And then we have the action itself, the praising of the Savior. The picture is much like our worship service hopefully should be. Jesus comes in to be with us and we rise to heaven to be with him and we’re to sing forth his praises. “Hosanna. Blessed is the one who comes in the name of the Lord.” This is the King of Kings and Lord of Lords with whom we have to do. Our worship and praise sound out the way their worship and praise sounded out nearly 2,000 years ago.

I want to talk and use this illustration then in the chapter in John chapter 12 as a means to talk about how we glorify God. These people were moved to glorify God in various ways in the account before us. And I want to use these verses to help us to instruct ourselves how we fulfill that purpose for which we’ve been created, which is to glorify God in all that we do and say.

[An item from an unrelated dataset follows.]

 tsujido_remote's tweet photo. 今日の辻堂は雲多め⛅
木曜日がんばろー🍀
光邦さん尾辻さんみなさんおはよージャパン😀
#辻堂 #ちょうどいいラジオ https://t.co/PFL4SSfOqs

Okay. Number one: we glorify God by worshiping the King.

We read here in the context of John chapter 12 in verses 12 and 13 that the great multitude comes out. They take branches of palm trees. They go out to meet him and they cry out, “Hosanna, blessed is he who comes in the name of the Lord, the King of Israel.” They worship Jesus Christ.

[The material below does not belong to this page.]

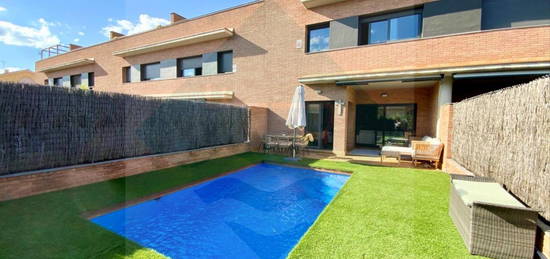 Casa adosada en venta en Centre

Now, you say, “Dennis, when you’re talking about worship, this is not the formal worship service of this church of that existed at the time of Jerusalem?” But it is. You see, they have palm branches. Why do they have palm branches? Because palm branches were used in the context of the worship of God’s people as recorded in Leviticus 23:39-44. The palm branches or branches of trees were used at the Feast of Tabernacles. Now, this wasn’t this feast, but it was a religious element that they brought into their celebration of Passover week. So they were supposed to cut down these branches and then they were supposed to use them in the praise of God.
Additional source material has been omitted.